1. Pythonのプログラミングパラダイム
Pythonはパラダイム的にはよく言えば「マルチパラダイム」というか、割と無難な感じの悪く言えばこれと言って特徴のない言語です。Haskellの「純粋関数型プログラミング言語」みたいな強い個性はないんですね。「よく使う言語はなんですか?」と聞かれて「Haskellです」と答えれば「ほう!」という感じですが、「Pythonです」だと「ふーん」で終わりですね。できるからと言ってドヤ顔できないみたいな。純粋関数型プログラミング言語!なら特に「純粋」の辺りが厨二病的にシビレますよね。プログラミング言語はかくあるべしみたいな議論を吹っかけてきそうで。Pythonにはそういう尖ったこだわりは感じないですね。「パラダイムなんてなんぼあってもいいですからね」と言ってそう。
2. Pythonの言語仕様
特徴のない言語と書いてきましたが、構文に関してはひとつ特徴があります。それはインデントが構文として意味を持つということです。Wikipediaで紹介されているコードを引用して説明します。例えばCで書いたら以下のような関数があるとします。

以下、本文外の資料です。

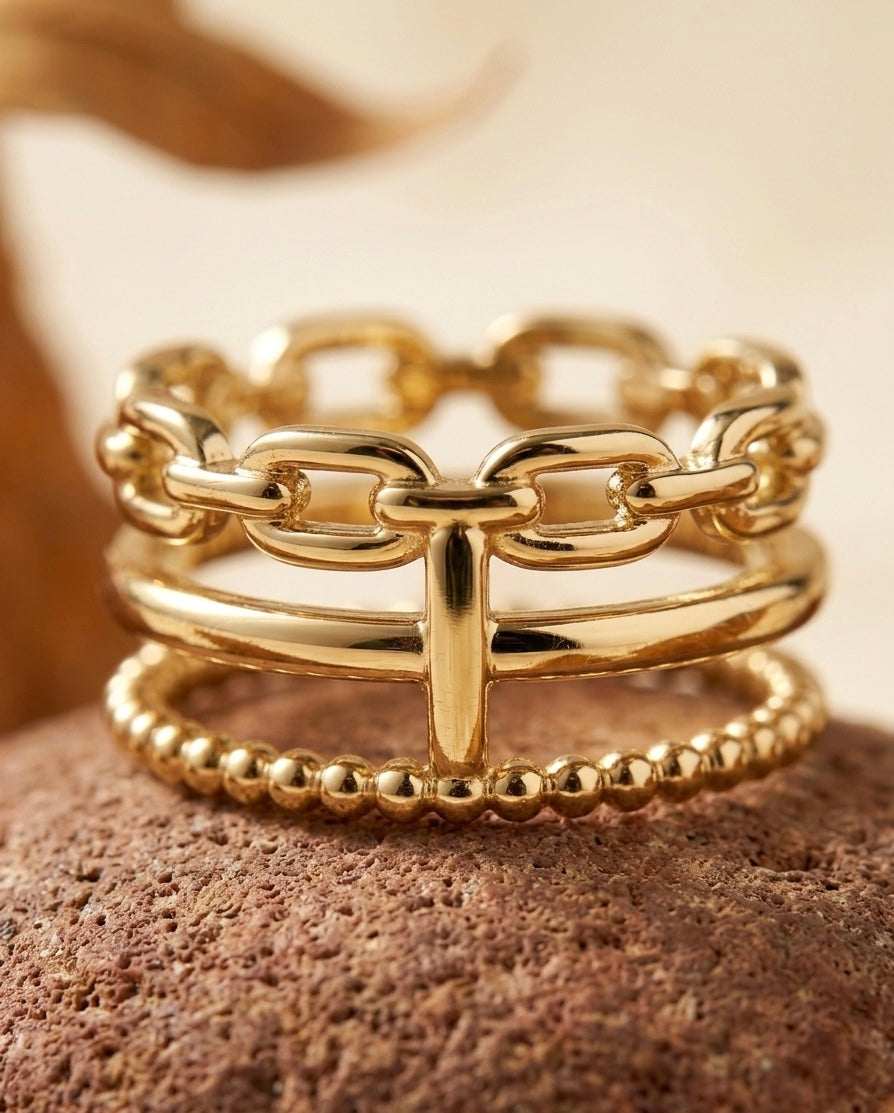 18k Gold-Plated Mixed Link & Beaded Stacking Ring ACERO JEWELS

int factorial(int x) { if (x == 0) { return 1; } else { return x * factorial(x - 1); } }
出典:Wikipedia
Pythonで書いたらこうなります。
def factorial(x): if x == 0: return 1 else: return x * factorial(x - 1)
出典:Wikipedia
中括弧{}がなくなってインデントがその代わりにスコープを示します。defの次行のifはひとつインデントされてますから、defの中にあるという意味です。YAML的?いやYAMLの方がPythonの影響を受けているのかも知れませんね。
うーん、これはどうでしょうかね。中括弧の位置とかはC++とかJavaのプロジェクトでコーディング規約を作るときは宗教戦争が勃発しますよね。
例えばさっきの関数であれば
int factorial(int x)
{
if (x == 0)
{
return 1;
}
else
{
return x * factorial(x - 1);
}
}
こういう風に書いたらオールドスクールっぽいですよね。この例だと間延びした感じですけど、if節の中に長々と書く人はこっちのほうがいいかも知れません。{の後ろにコメント書いたりとか。僕みたいなおじさんはこういうスタイルで書きがち。Pythonってこういう自分が思う「美しい」コーディングができないのでフラストレーションが貯まるというか「カッコ悪い」んじゃないかと思ってしまうんですよね。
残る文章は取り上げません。